**Task inputs**

· · ·

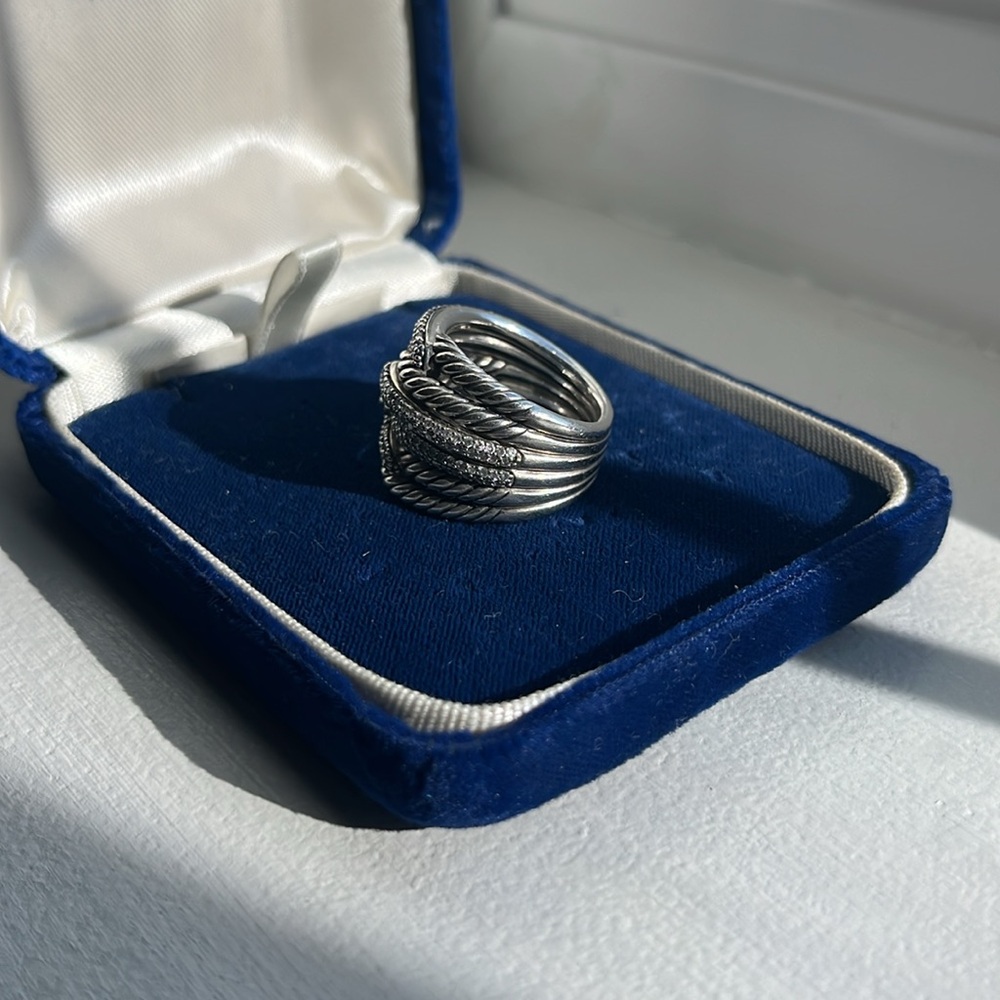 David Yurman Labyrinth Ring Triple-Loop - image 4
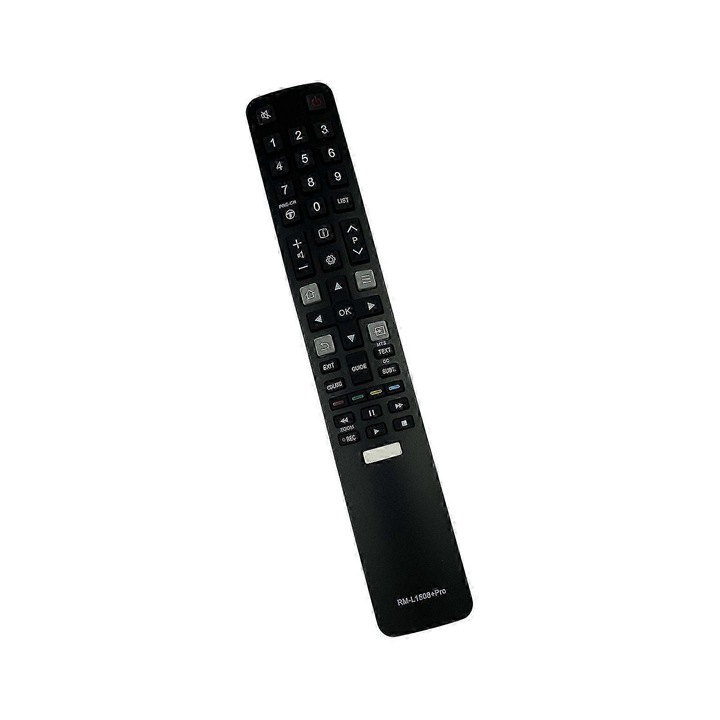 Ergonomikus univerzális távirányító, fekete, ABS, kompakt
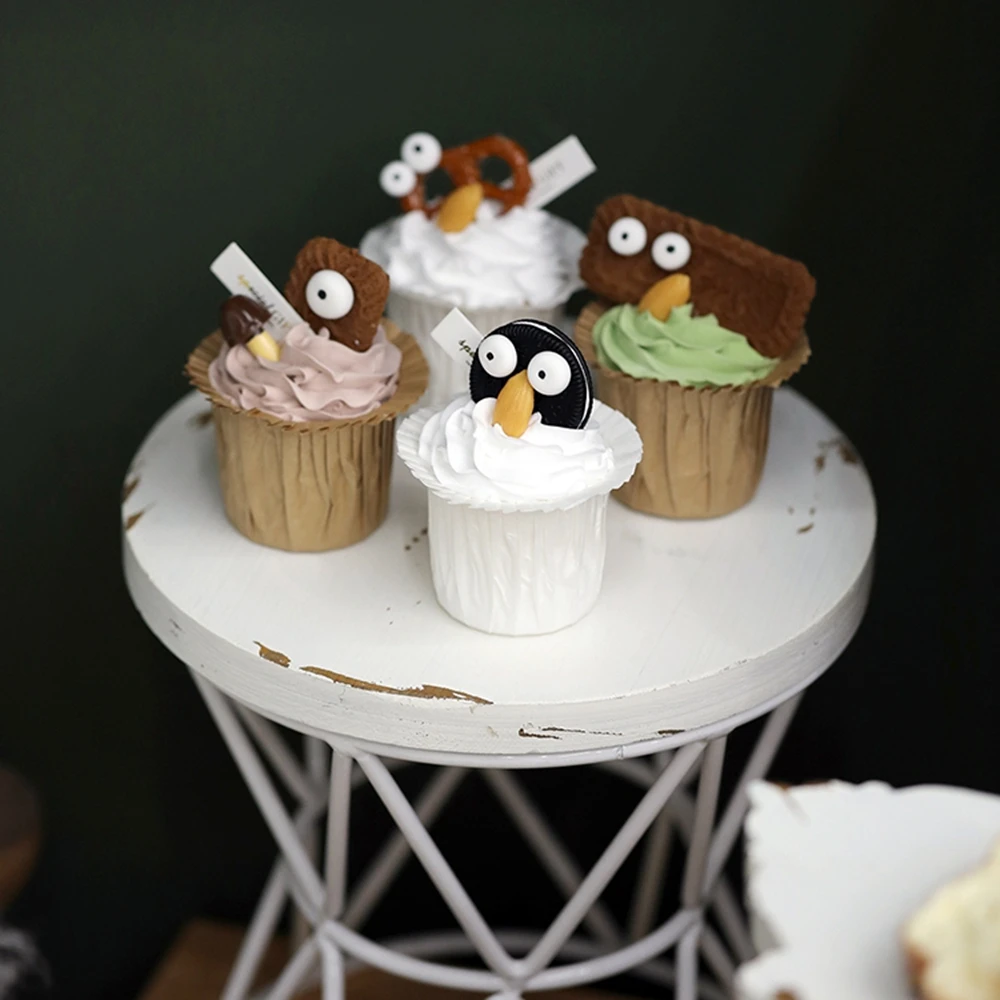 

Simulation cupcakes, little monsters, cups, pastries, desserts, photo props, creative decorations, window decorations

· · ·

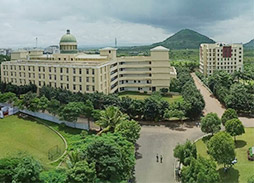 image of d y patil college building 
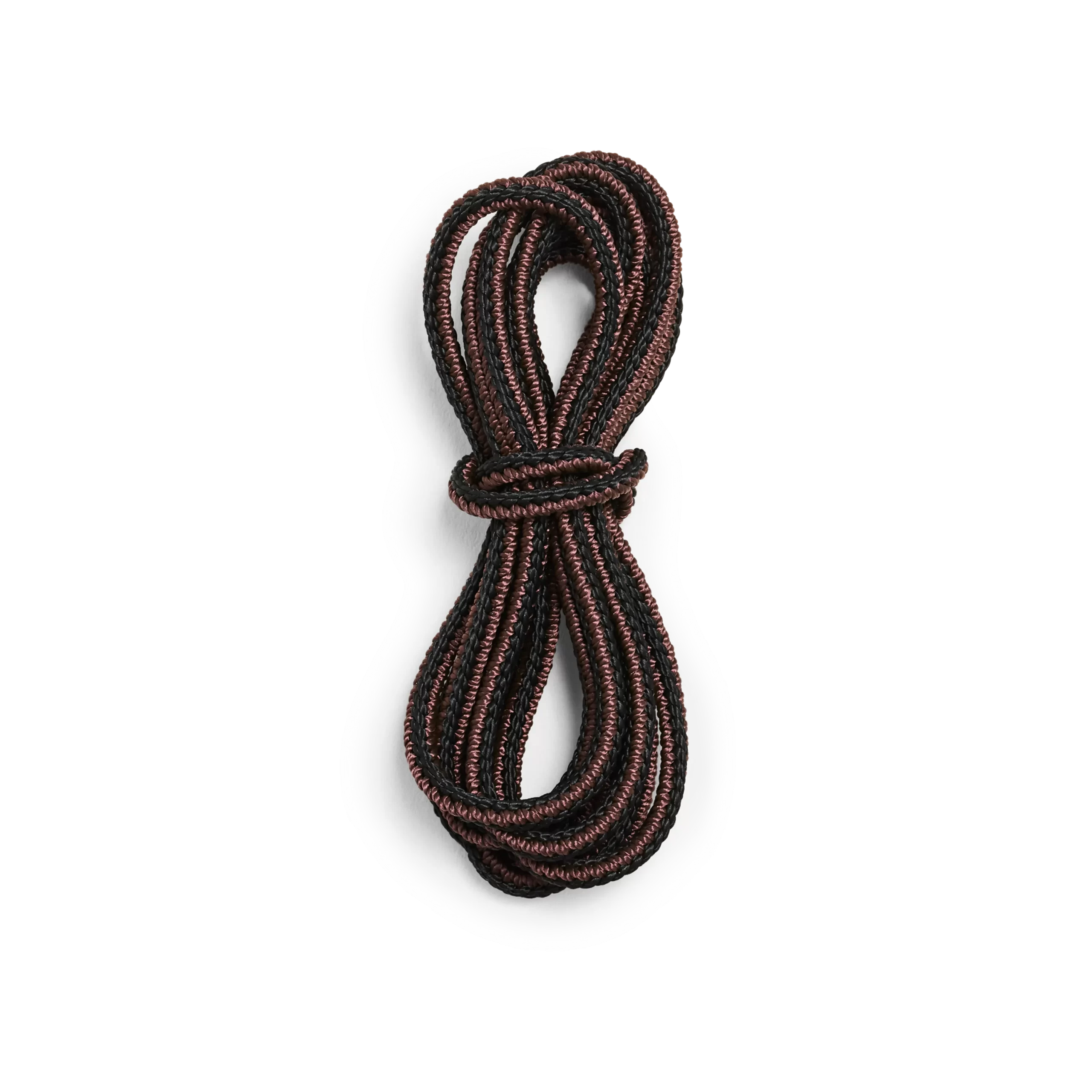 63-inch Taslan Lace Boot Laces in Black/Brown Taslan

· · ·

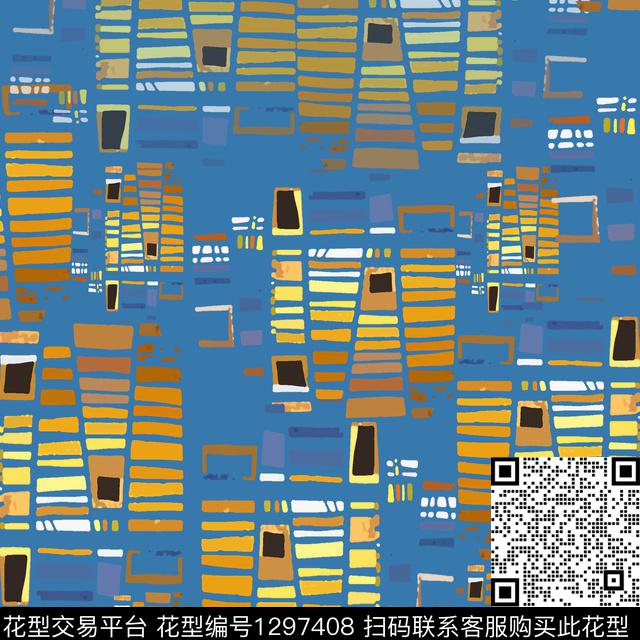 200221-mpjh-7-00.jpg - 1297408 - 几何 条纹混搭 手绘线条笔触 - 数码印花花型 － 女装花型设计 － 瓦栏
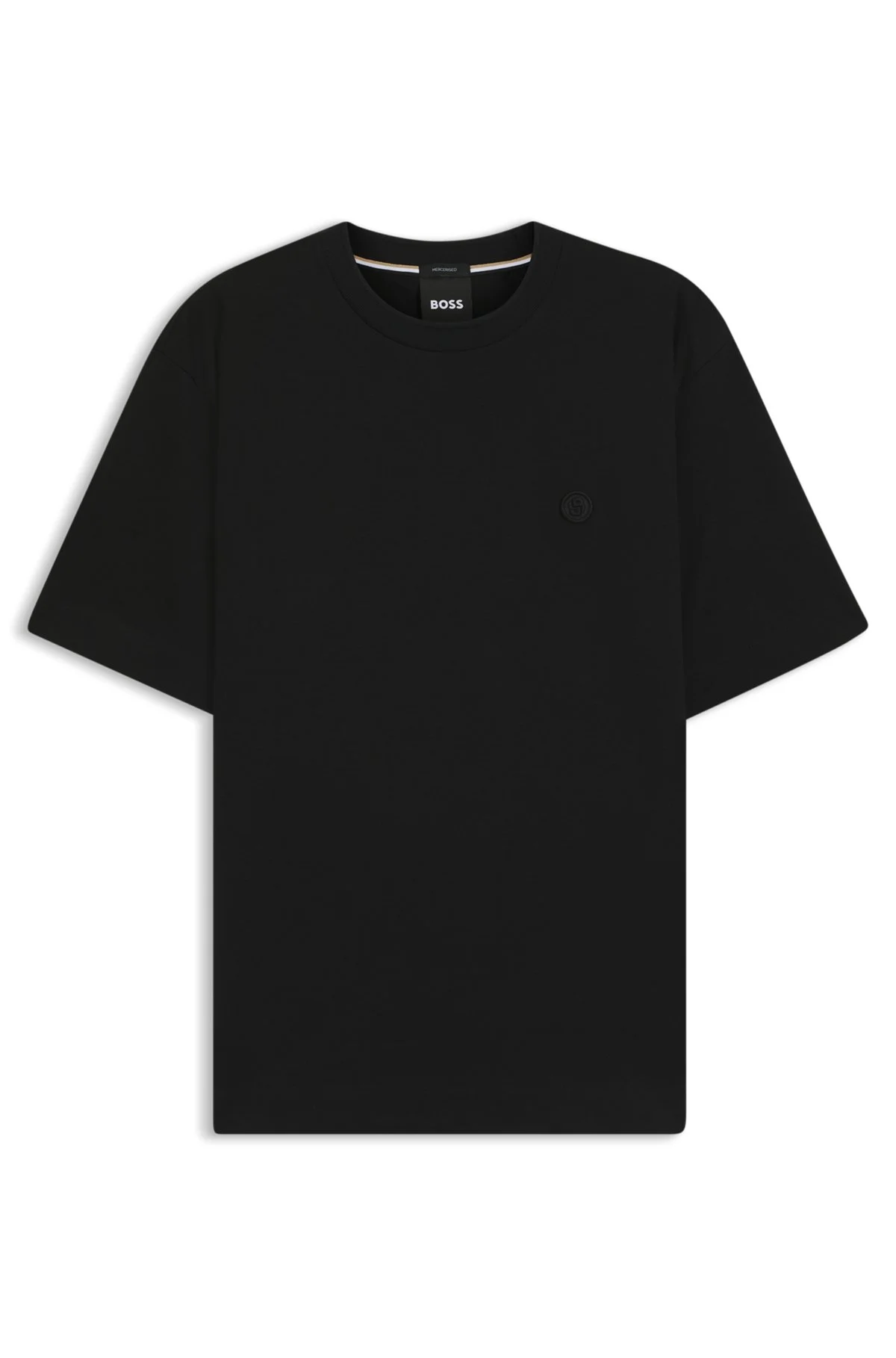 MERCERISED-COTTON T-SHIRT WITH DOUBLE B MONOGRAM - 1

· · ·

**Activity**
The lines to set down run from the line with "image of d y patil college building" up to and including the line with "63-inch Taslan Lace" in the entries above. Reproduce them exactly, with no pictures.

**Reply to the task**
 image of d y patil college building 
 63-inch Taslan Lace Boot Laces in Black/Brown Taslan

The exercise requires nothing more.